Execution time and response time are two concepts which are sometimes mistakenly conflated. In this post, I will make the distinction between the two clear and explain why both concepts are important in real-time embedded systems design.
First, some terminology. A task is a piece of code that is to be run within a single thread of execution. A task issues a sequence of jobs to the processor which are queued and executed.
The time spent by the job actively using processor resources is its execution time. The execution time of each job instance from the same task is likely to differ.
Common sources of variation are path data dependencies (the path taken through the code depends on input parameters) and hard-to-predict hardware features such as branch prediction, instruction pipelining and caches.

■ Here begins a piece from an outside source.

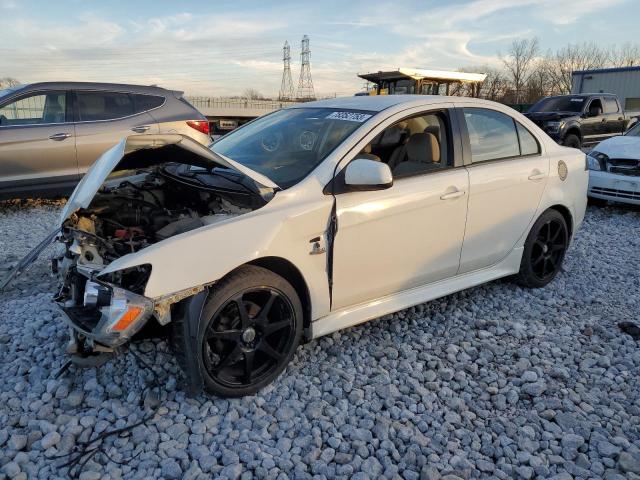 JA32U2FUXCU009576 - 2012 MITSUBISHI LANCER ES/ES SPORT WHITE photo 1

The response time for a job is the time between when it becomes active (e.g. an external event or timer triggers an interrupt) and the time it completes. Several factors can cause the response time of a job to be longer than its execution time - Figure 1 shows some of these:
In Figure 1, jobs in the queue are scheduled using fixed priority pre-emptive scheduling. Execution and response times are shown for the medium priority job. The real-time operating system (RTOS) scheduler always selects the highest priority job that is ready to run next. A job is suspended if a higher priority one becomes active, and resumes after all higher priority jobs have completed.

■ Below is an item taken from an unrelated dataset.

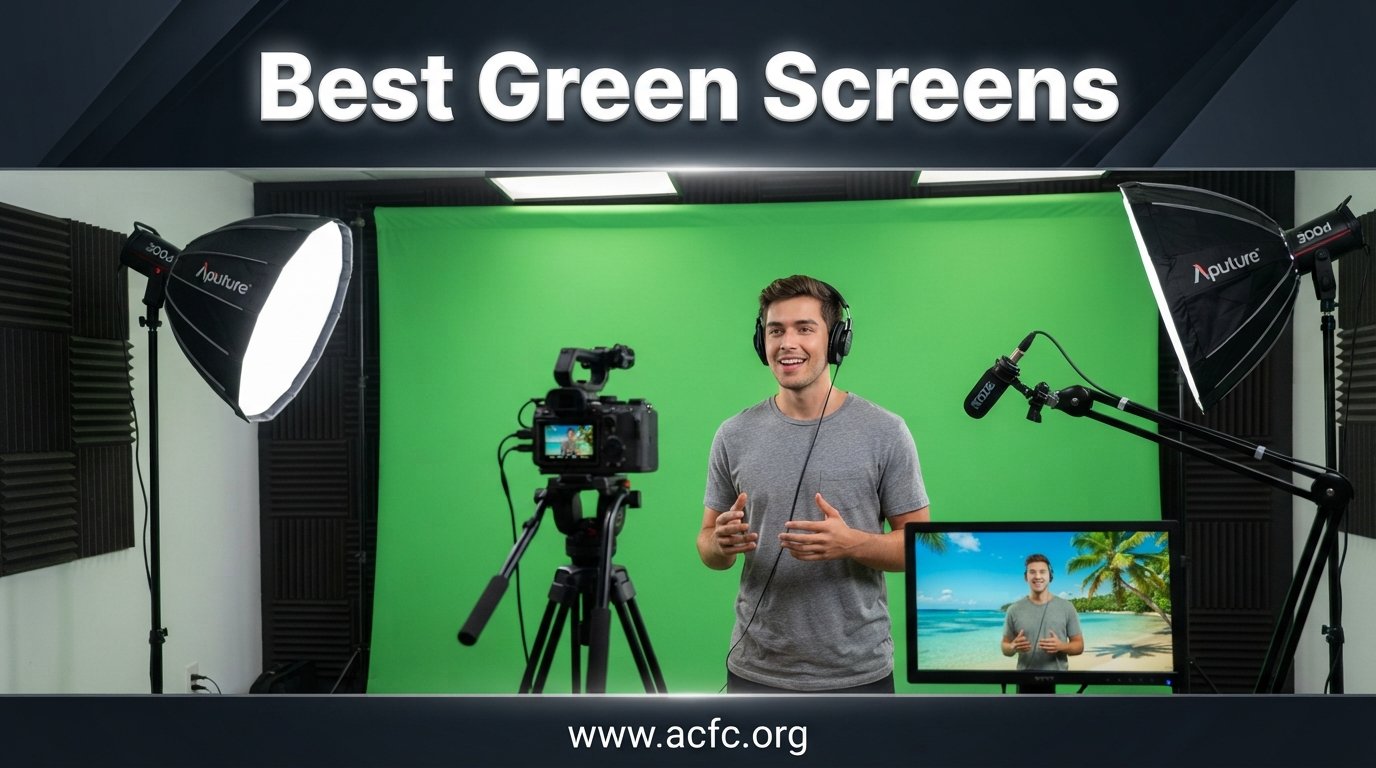 best green screens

A lower priority job can also prevent a job from running if it locks a shared resource before the higher priority job does. This is called priority inversion. RTOS overheads for context switches and pre-emptions will also delay a job. These may be very small with appropriate hardware support. Release jitter caused by insufficient clock granularity is another source of delay (not shown above) [1].
Both execution times and response times are of interest to real-time systems designers. This is usually in the context of worst-case execution times (WCETs) and worst-case response times (WCRTs). High level system requirements will specify maximum response times for a task, known as a deadline. WCRTs are calculated using response time analysis, which takes WCETs and a scheduling policy as inputs. This may lead to execution time budgets and a scheduling policy being derived as lower level requirements.

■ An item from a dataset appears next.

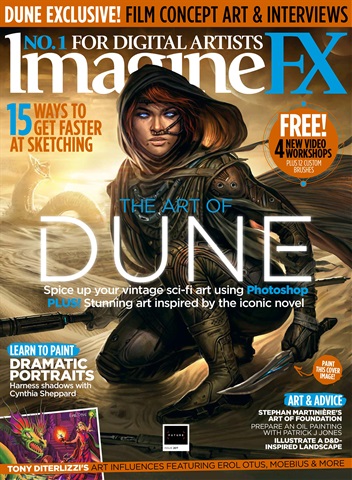 ImagineFX issue Xmas 2021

Being able to measure response times and execution times individually is important. If response times are measured but execution times are not, then it is not possible to perform worst-case response time analysis. This runs the risk of the system missing a deadline because a particular job sequence / job execution time combination was not encountered in testing. Response time measurement data is still useful, however, for knowing how close jobs are to missing deadlines.
And finally… in certain circumstances execution time increases may even lead to response time decreases! Using our diagram once again, imagine that a previous job of the high priority task ran until just after the activation of the medium priority task. The low priority task which blocked the medium priority one would not be allowed to execute, allowing the medium priority task to both start and complete earlier. We suggest Baruah and Burns' paper[2] on sustainable scheduling analysis as further reading.
[1] Neil Audsley, Iain Bate and Alan Burns, "Putting fixed priority scheduling theory into engineering practice for safety critical applications", In Proceedings of the 2nd IEEE Real-Time Technology and Applications Symposium (RTAS '96), pages 2-10, 1996.
[2] Sanjoy Baruah and Alan Burns, "Sustainable Scheduling Analysis", In Proceedings of the 27th IEEE International Real-Time Systems Symposium (RTSS 2006), pages 159-168, 2006.